Éditorial
Parti d’une simple jacquerie contre l’augmentation du prix de l’essence au 1er janvier 2019, le mouvement des Gilets jaunes a mis le pays dans une situation quasi insurrectionnelle. À l’heure où nous écrivons ces lignes, impossible de savoir quelle sera la situation en ce mois de décembre. Il n’en demeure pas moins que ce mouvement a de quoi interpeller.
Le samedi 17 novembre, lors de la première journée de mobilisation, le prix à la pompe n’était pas, et de loin, le seul motif de colère. À Albi, sur le rond-point de la Jardinerie tarnaise, les revendications sur les salaires, les APL, les taxes et sur le système politique et économique animent les discussions. « On en marre d’aller travailler pour aller travailler, marre d’être esclaves d’un système » s’énerve un ouvrier, la quarantaine. Son collègue trouve les fins de mois de plus en plus difficiles : « J’embauche tous les matins à 5 heures, je gagne 1500 euros, j’ai trois gosses, ma femme ne travaille pas. Alors quand le grand me demande d’acheter des nouvelles chaussures car les siennes sont trouées, eh bien je peux pas. En plus, ce con, il chausse du 47, dit-il en se marrant. Ça fait chier quand même de pas pouvoir acheter des godasses à son môme. » Ce jour, l’ambiance est chaleureuse, comme celle d’un piquet de grève au premier jour de lutte, loin des caricatures poujadistes. Pour une fois, une manifestation dans le Tarn ne s’est pas soldée par le tour du vieil Albi déclaré en préfecture. Rocade bouclée, Albi paralysée. Les Gilets jaunes ont eu la bonne idée de s’en prendre à l’appareil logistique. Exactement ce que préconise le Comité invisible dans L'Insurrection qui vient.
Comme cet agriculteur à la retraite, un peu timide et impressionné, beaucoup n’ont jamais manifesté. Ils sont souvent des salariés du privé, des retraités ou des petits artisans. Tous sont là pour retrouver un peu de dignité dans l’auto-organisation, loin des partis politiques et des centrales syndicales.
Samedi 24, Préfecture d’Albi. Démonstration de force. Les Gilets jaunes sont venus en camion, en tracteur, en moto et même en pelle mécanique. Devant la Préfecture, la tension est palpable. Les manifestants, gazés lors d’une première charge, reviennent alors avec une pompe à lisier. Les 25 gardes mobiles, massés devant l’entrée de la Préfecture, comprenant que le rapport de force n’est pas en leur faveur, déposent casques et boucliers sous les applaudissements des manants. Jubilation.

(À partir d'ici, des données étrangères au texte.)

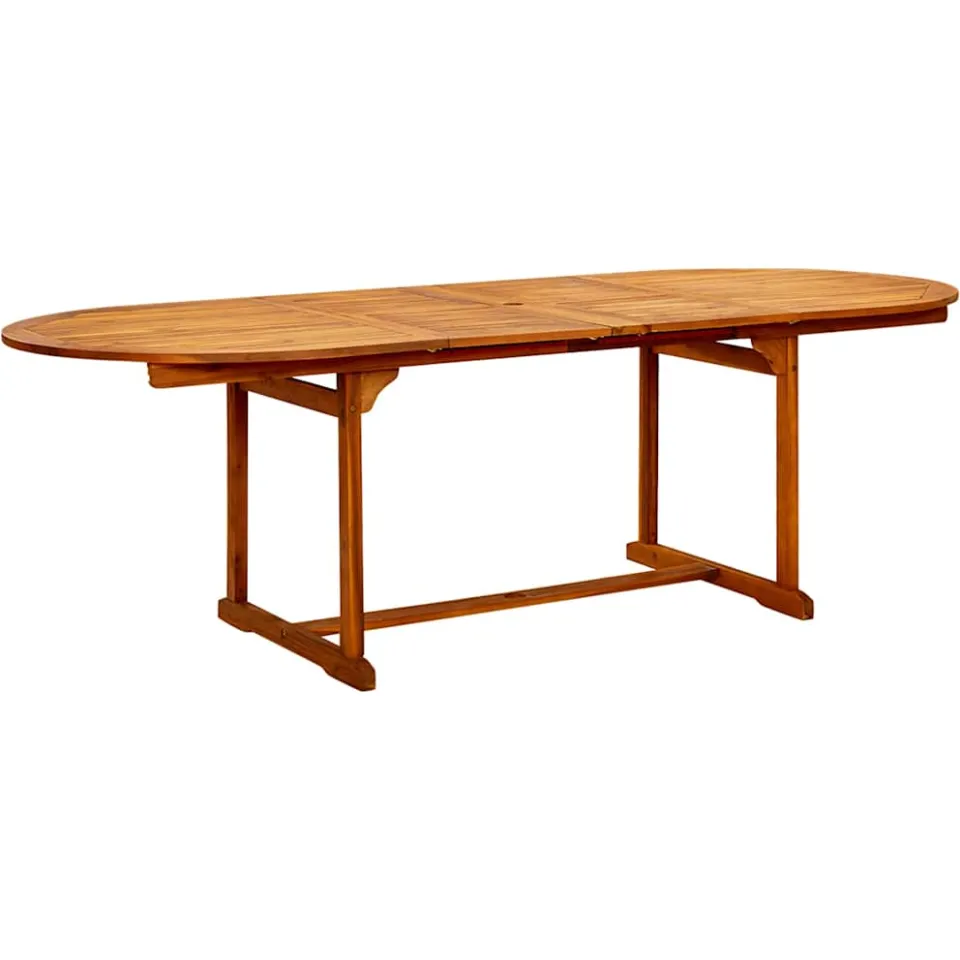 vidaXL Tuintafel (160-240)x100x75 cm massief acaciahout bruin, foto 2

Mardi 27 novembre. Depuis dix jours, le rond-point de l’Hermet (Lescure d’Albigeois) est occupé par près de 150 Gilets jaunes. Certains partent, d’autres arrivent. Des cabanes en palettes sont dressées sur ce qui auparavant n’était qu’un non-lieu : l’intérieur d’un rond-point. Un petit hameau avec son épicerie qui sert de réserve de bouffe, un coin cuisine, des tentes. Plusieurs feus sont allumés. Une potence est dressée sur le sommet du talus. Au son des klaxons des poids lourds et des bagnoles, les discussions vont bon train. Les déclarations de Macron, le matin même, n’ont surpris personne. La colère est là, le mot révolution n’est jamais très loin.
Bien entendu, la lutte des Gilets jaunes est loin d’être idyllique. Sur le territoire, certains actes, comme celui de la dénonciation des migrants cachés dans un poids-lourd, sont absurdes et inacceptables. Cependant, on ne peut réduire ce mouvement à certains Gilets jaunes d’extrême-droite. Et les caricaturer en pensant que ce ne sont que des gros-beaufs-anti-écolo-fachos-qui-ne-pensent-qu’à-leur-bagnole n’a pas de sens. Depuis les électeurs de Le Pen, de Mélenchon, des syndiqués ou non, des libertaires discrets, jusqu'à ceux qui n’en ont en rien à foutre de l’idéologie politique, le mouvement jaune fluo est protéiforme, aux revendications multiples et aux moyens d’action hors normes. S’essoufflera-t-il ? Sera-t-il récupéré ou étouffé ? Se divisera-t-il ? Aujourd’hui, en cette fin novembre, impossible de le dire. Néanmoins, les Gilets jaunes ont déjà réussi une révolte jamais vue en France, au moins depuis l’offensive néolibérale des années 80.